A pie plot is a circle chart mainly used to represent proportion of part of given data with respect to the whole data. Each slice represents a proportion and on total of the proportion becomes a whole.

In [195]:
# Example 5:

## Monthly expenditure of a family
# Step 1: Create Random Data
exp_percent= [20, 50, 10,8,12]
house_holdcategories = ['Grocery', 'Rent', 'School Fees','Transport','Savings']
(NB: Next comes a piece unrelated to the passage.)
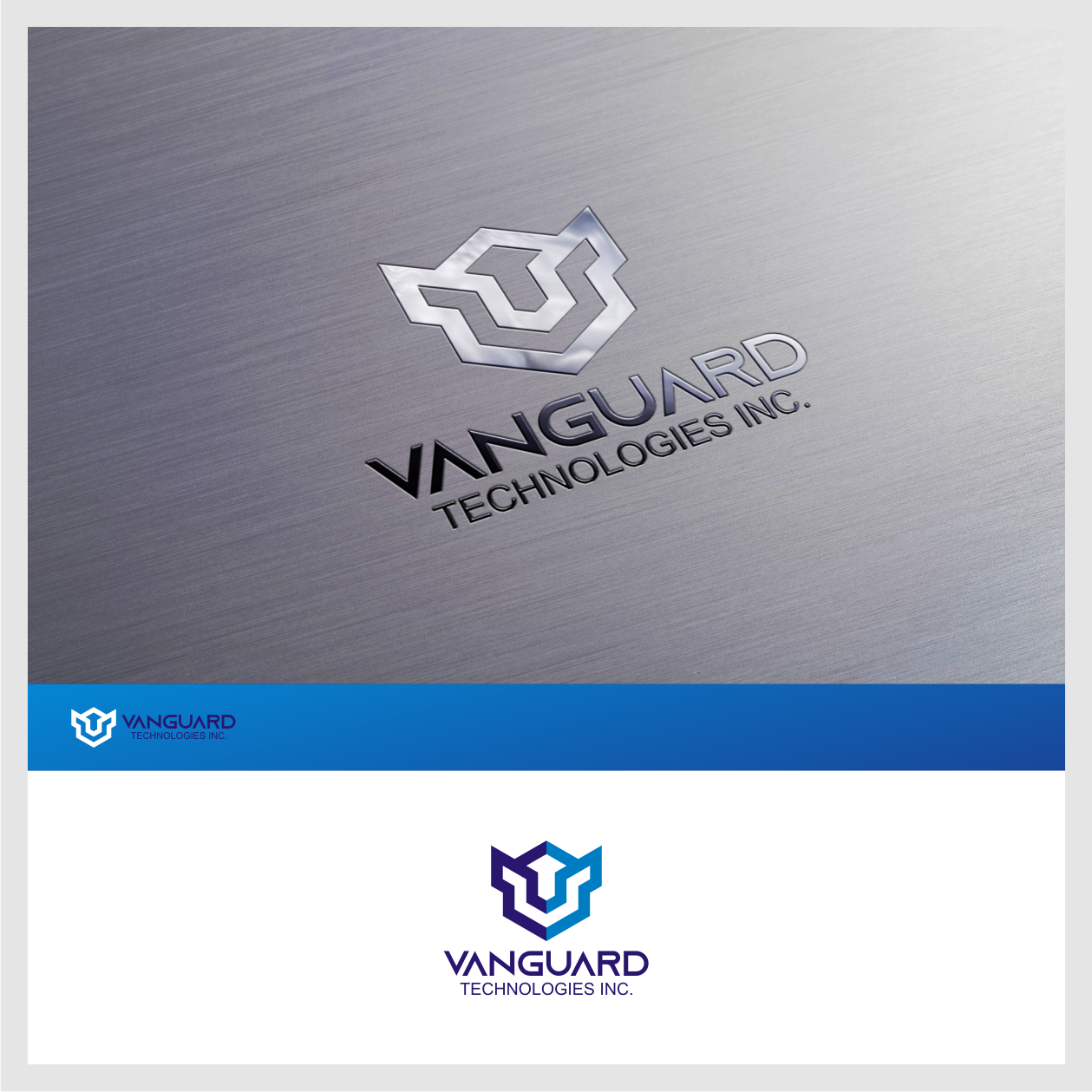 Design de Logo par momo57 pour ce projet | Design #24640296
# Step 2: Create Pie chart
fig = px.pie(
    names=house_holdcategories,
    values=exp_percent,
    title="Monthly Expenditure of a Family",
    hole=0.0  # 0.4 if you want a donut chart
)

fig.show()


Note:   
* Why No x= and y= in Pie Charts?

Because pie charts do not have axes ❌
(no X-axis, no Y-axis)

A pie chart shows:
labels (the slice names)
values (how big each slice is)
____________________________________
* Line	Meaning

names=	Text labels for each slice
values=	Size of each slice (percentage)
hole=	Makes a donut chart if > 0
fig.show()	Displays the chart
___________________________________


# Sunburst Charts:
Sunburst charts represent hierarchial data in the form of concentric circles. Here the innermost circle is the root node which defines the parent, and then the outer rings move down the hierarchy from the centre. They are also called radial charts.

A sunburst chart shows family or hierarchical relationships.
It looks like a circle with layers:
Center = the root person
Next ring = children
Next ring = grandchildren
And so on…
It shows who belongs to whom and how big their value is.


In [196]:
#Create a dictionary having a set of people represented by a character array and the parents of these characters represented in another
## array and the values are the values associated to the vectors.
data = dict(
    character=["Eve", "Cain", "Seth", "Enos", "Noam", "Abel", "Awan", "Enoch", "Azura"],
    parent=["", "Eve", "Eve", "Seth", "Seth", "Eve", "Eve", "Awan", "Eve" ],
    value=[10, 14, 12, 10, 2, 6, 6, 4, 4])

fig = px.sunburst(
    data,
    names='character',
    parents='parent',
    values='value',
    title="Family chart"
)
fig.show()

Note: Sunburst chart shows hierarchical family relationships.
names are the characters, parents defines who they belong to,
and values defines how big their portion is.